Tuesday, 18. December 2007

Impressionismus

Ich habe einige Stellen übersprungen, dich sicher genauso einer Erwähnung wert gewesen wären, um heute das folgende Credo der impressionistischen Literatur zu zitieren. Marcel hatte beim Lesen des Tagebuches der Goncourt schwer an seinen literatischen Fähigkeiten gezweifelt, die ihm so ungeeignet zur exakten Beschreibung der Abendgesellschaften schienen (was, frage ich Sie, ist denn dann exakt?). Bis...
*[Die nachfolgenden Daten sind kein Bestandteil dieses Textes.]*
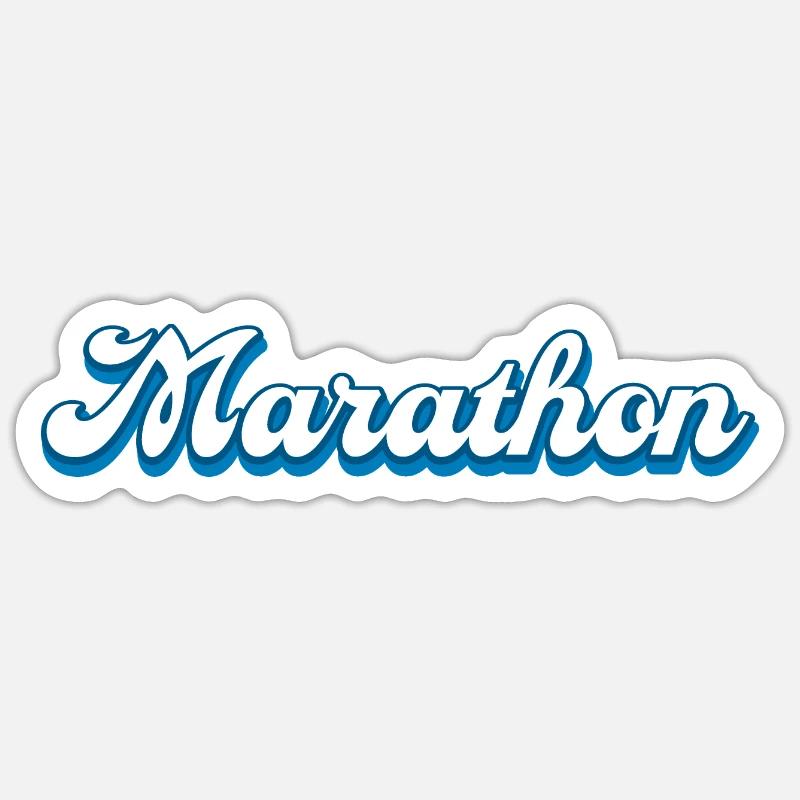 Marathon Marathon Runner Running Jogging Sticker size S (10 x 10 cm)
Wenn ich außer dem Hause zu Abend aß, sah ich nicht die Tischgenossen, weil ich sie vielmehr, wenn ich sie zu betrachten meinte, im Grunde durchleuchtete. [...] Aber nahm das meinen Porträts, die ich ja doch gar nicht mal als solche ausgab, nun wohl jeden Wert? Muß auf dem Gebiet der Malerei das eine Bildnis etwa, das gewisse auf den Umriß, das Licht, die Bewegungen bezügliche Wahrheiten augenfällig macht, deshalb unbedingt einem anderen, ihm keineswegs ähnlichen der gleichen Person nachstehen, in dem tausend Einzelheiten, auf welche es selbst verzichtet hat, bis ins kleinste genau aufgezeichnet sind, einem zweiten Bildnis, aus dem man schließen kann, dass das Modell bezaubernd gewesen ist - während man es nach dem ersten für hässlich gehalten hatte - worin eine dokumentarische und sogar historische Wahrheit liegen mag, die aber nicht notwendigerweise auch künstlerische Wahrheit bedingen muss?
-- Die wiedergefundene Zeit, Bd. 3/3, S.3736

Die Antwort lautet natürlich nein. Aber liegt nicht auch in dem ersteren Bildnis eine dokumentarische Wahrheit, eine die sich nur einer naiven Betrachtung zunächst entzieht? Gerade dieser dahinterstehende Eindruck wird es sein, der uns nach weiteren 200 Seiten (wo ich gerade mit dem Lesen feststecke bis die Episoden hier im Blog aufgearbeitet sind) meine bisher ultimative Lieblingsbeobachtung der Recherche bescheren wird (darum ist es auch nicht so schade, wenn ich diese jetzt zum vierten Mal aufs neue lese und mich nicht von ihr lösen kann).
I left out some parts that would certainly have been worth mentioning in order to today quote the following credo of impressionist literature. Marcel had, while reading the Goncourt diary, very much doubted his literary skills, which seemed so unfit to exactly describe the soirees Goncourt talks about (now what, if not Marcels description, is exact then, I ask). Until...

I did not see the guests because when I thought I was observing them I was radiographing them. From that it resulted that in collating all the observations I had been able to make about the guests in the course of a dinner, the design of the lines traced by me would form a unity of psychological laws in which the interest pertaining to the discourse of a particular guest occupied no place whatever. But were my portraits denuded of all merit because I did not compose them merely as portraits? If in the domain of painting one portrait represents truths relative to volume, to light, to movement, does that necessarily make it inferior to another quite dissimilar portrait of the same person in which, a thousand details omitted in the first will be minutely related to each other, a second portrait from which it would be concluded that the model was beautiful while that of the first would be considered ugly, which might have a documentary and even historical importance but might not necessarily be an artistic truth.
-- Time Regained

The answer is, obviously, no. Doesn't there even lie in the former portrait a documentary truth, one which evades a first and naive observation? Exactly this profound impression it will be, that after some 200 pages (where I'm currently stuck with reading until the episodes are posted here) allows us my up to this point ultimately favourite observation in the Recherche (which is why it's not all too bad I'm stuck and will read it for the fourth time before I can move on).